The invention also revealed significant alterations in various blood parameters among diabetic and non-diabetic patients. Notably, the researchers observed substantial changes in HbA1c, urea, creatinine, alkaline phosphatase, lactate dehydrogenase (LDH), and triglycerides. The elevated levels of LDH and triglycerides in diabetic patients suggest their potential as biomarkers for the early detection of diabetes in the post-vaccination era.
In conclusion, the present invention provides compelling evidence that SARS-COV-2 infection and vaccination are associated with the worsening of T2D symptoms, as indicated by the significant increase in HbA1c levels and the observed alterations in liver, kidney, and lipid profiles. These findings underscore the critical need for large-scale population-based studies to better understand the long-term metabolic complications, including the incidence of T2D, following the COVID-19 pandemic. This knowledge is crucial for developing effective prevention and management strategies, especially for high-risk populations, to mitigate the burden of diabetes in the region.
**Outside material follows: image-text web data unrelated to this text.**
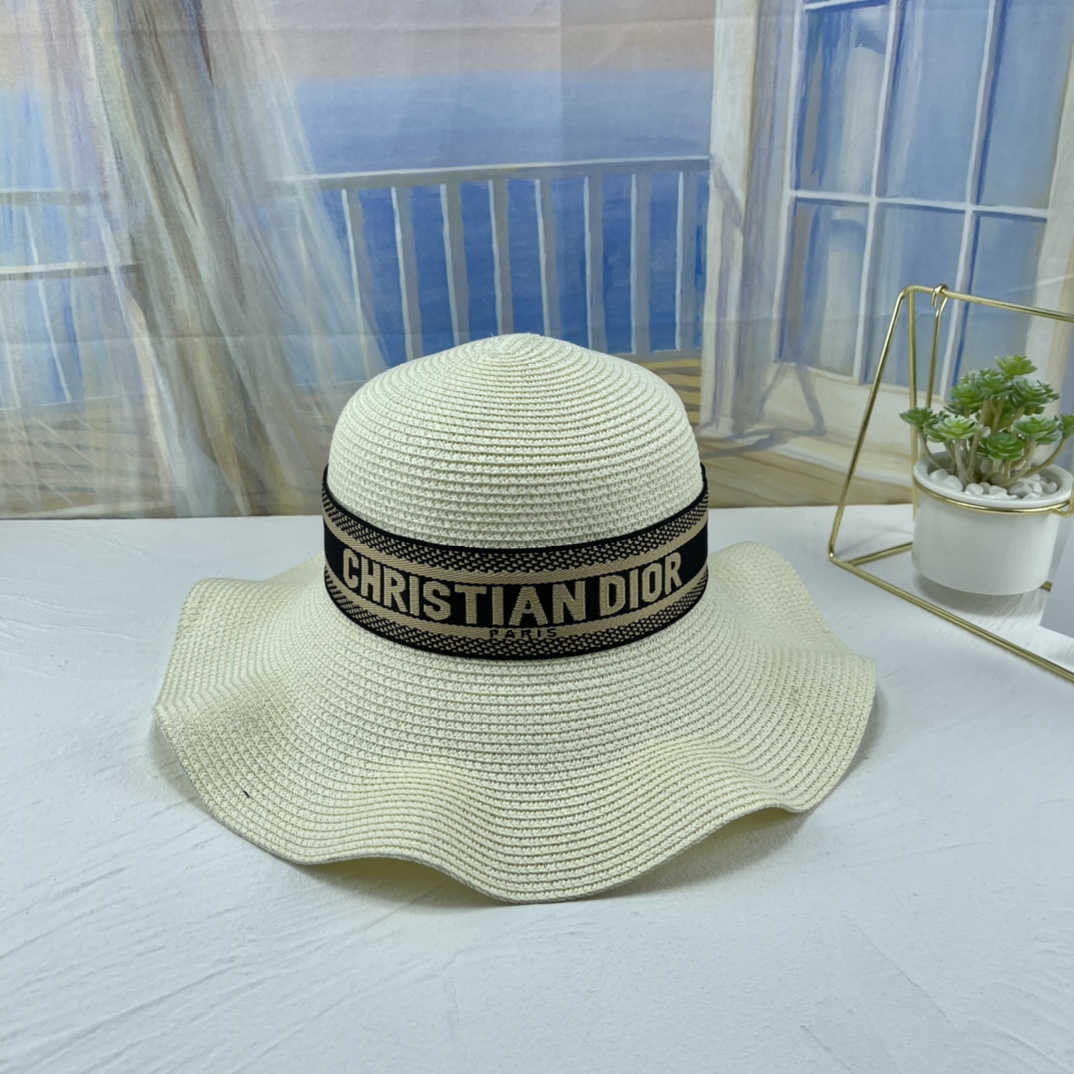 Top Hats 57cm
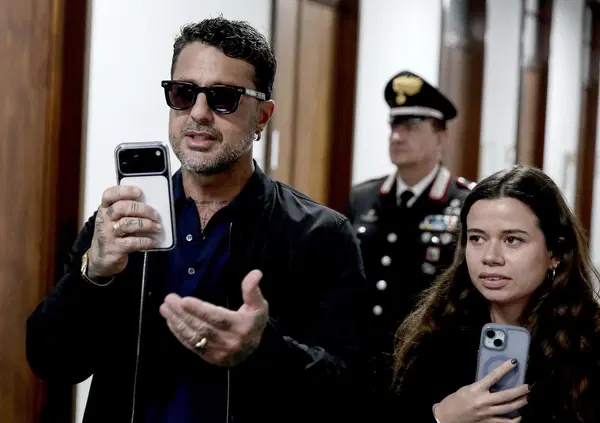 &ldquo;Voglio distruggere il sistema che ha distrutto mio padre&rdquo;: ecco chi &egrave; stato Vittorio &ldquo;King&rdquo; Corona, padre di Fabrizio. Sicilia, moda ed Emilio Fede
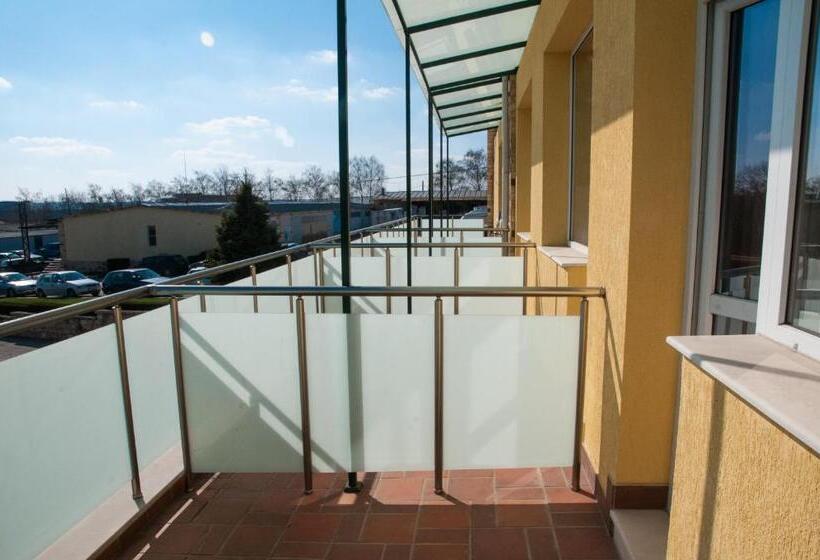 اتاق استاندارد یک نفره, Hostel Izida 2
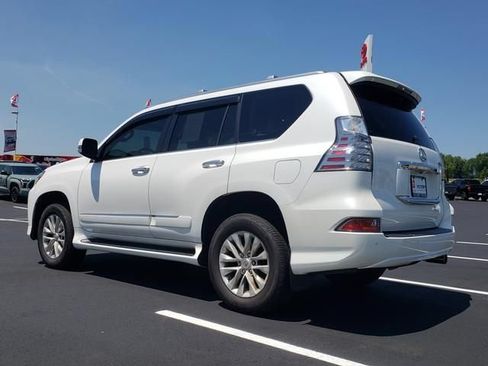 Used 2015 Lexus GX 460 w/ Premium Package AWD/4WD image 8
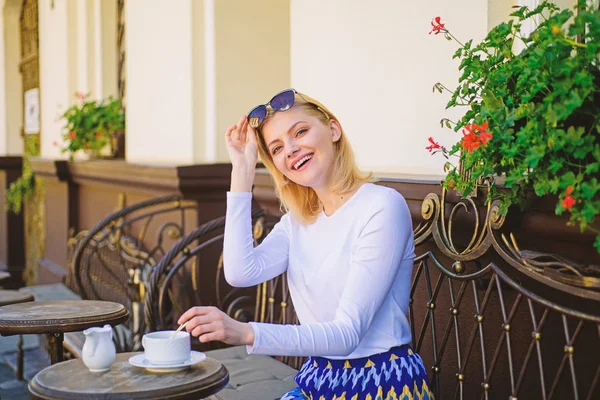 Uma caneca de bom café de manhã dá-me energia. Mulher elegante cara feliz tem café terraço ao ar livre. A rapariga bebe café todas as manhãs no mesmo sítio que a tradição. Grande começo do dia — Fotografia de Stock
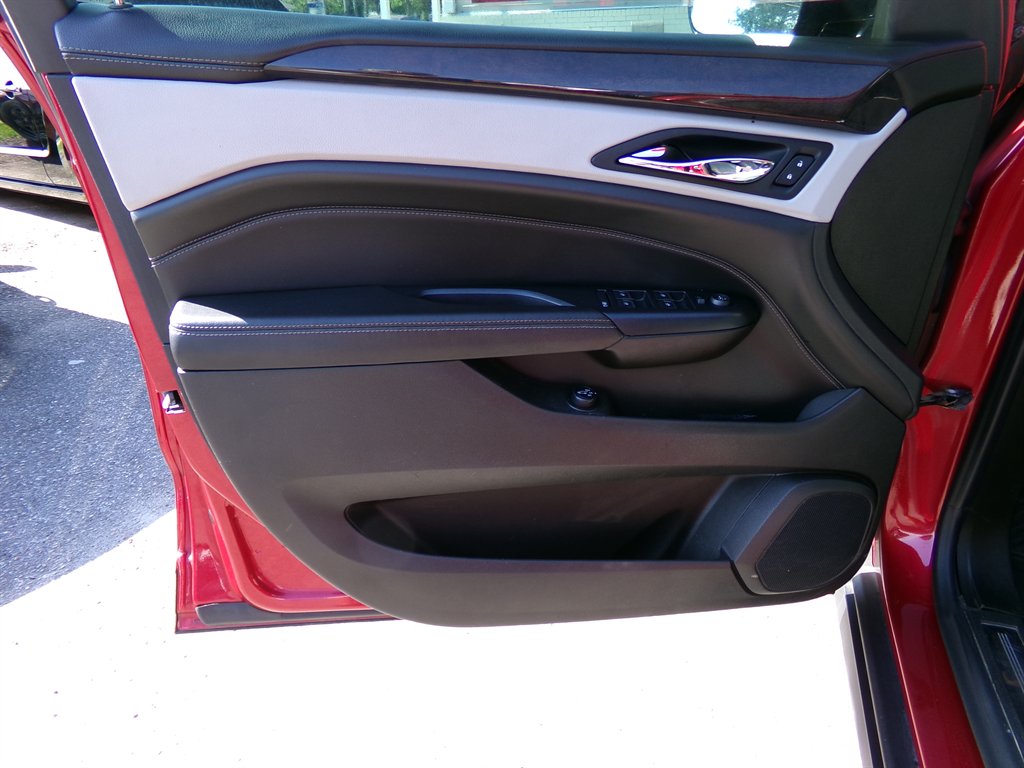 2014 Cadillac SRX - $9,990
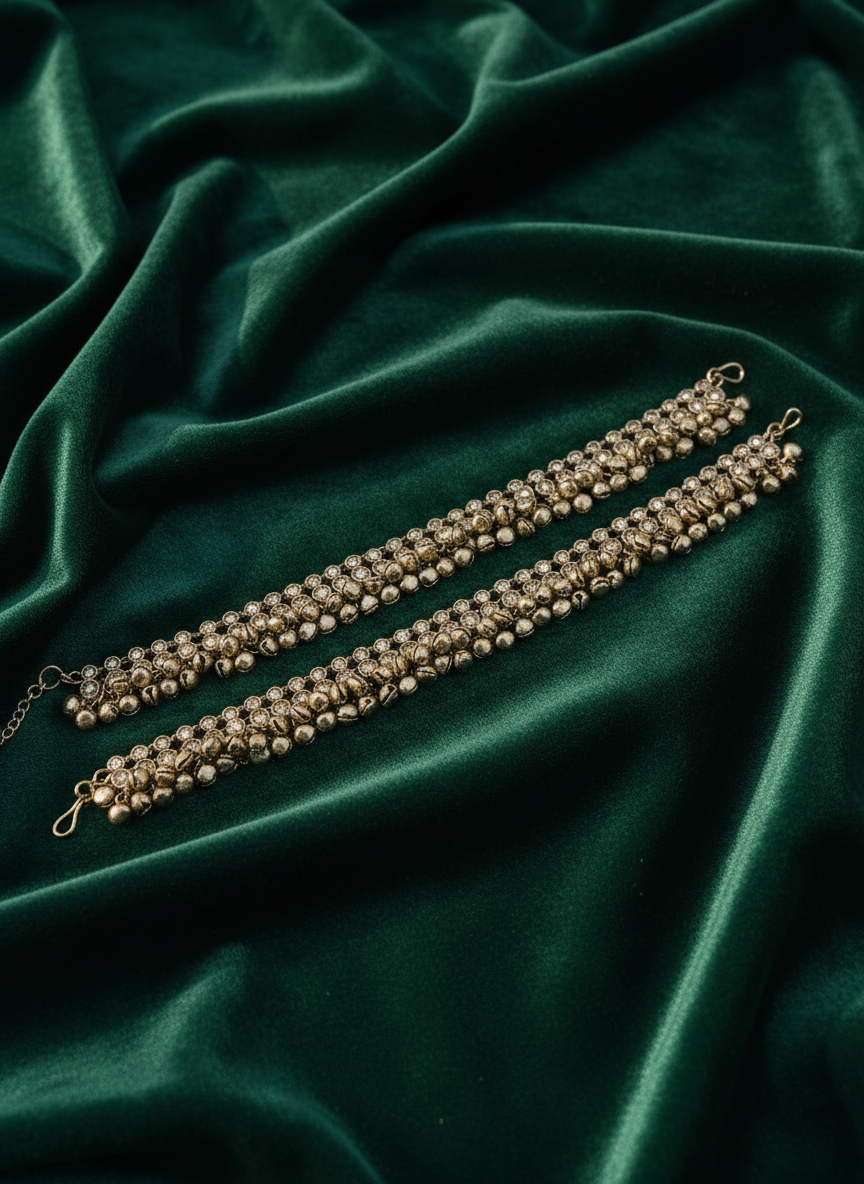 AM405 Gold anklets polki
The drawings and the forgoing description give examples of embodiments. Those skilled in the art will appreciate that one or more of the described elements may well be combined into a single functional element. Alternatively, certain elements may be split into multiple functional elements. Elements from one embodiment may be added to another embodiment. For example, orders of processes described herein may be changed and are not limited to the manner described herein. Moreover, the actions of any flow diagram need not be implemented in the order shown; nor do all of the acts necessarily need to be performed. Also, those acts that are not dependent on other acts may be performed in parallel with the other acts. The scope of embodiments is by no means limited by these specific examples. Numerous variations, whether explicitly given in the specification or not, such as differences in structure, dimension, and use of material, are possible. The scope of embodiments is at least as broad as given by the following claims.
Benefits, other advantages, and solutions to problems have been described above with regard to specific embodiments. However, the benefits, advantages, solutions to problems, and any component(s) that may cause any benefit, advantage, or solution to occur or become more pronounced are not to be construed as a critical, required, or essential feature or component of any or all the claims.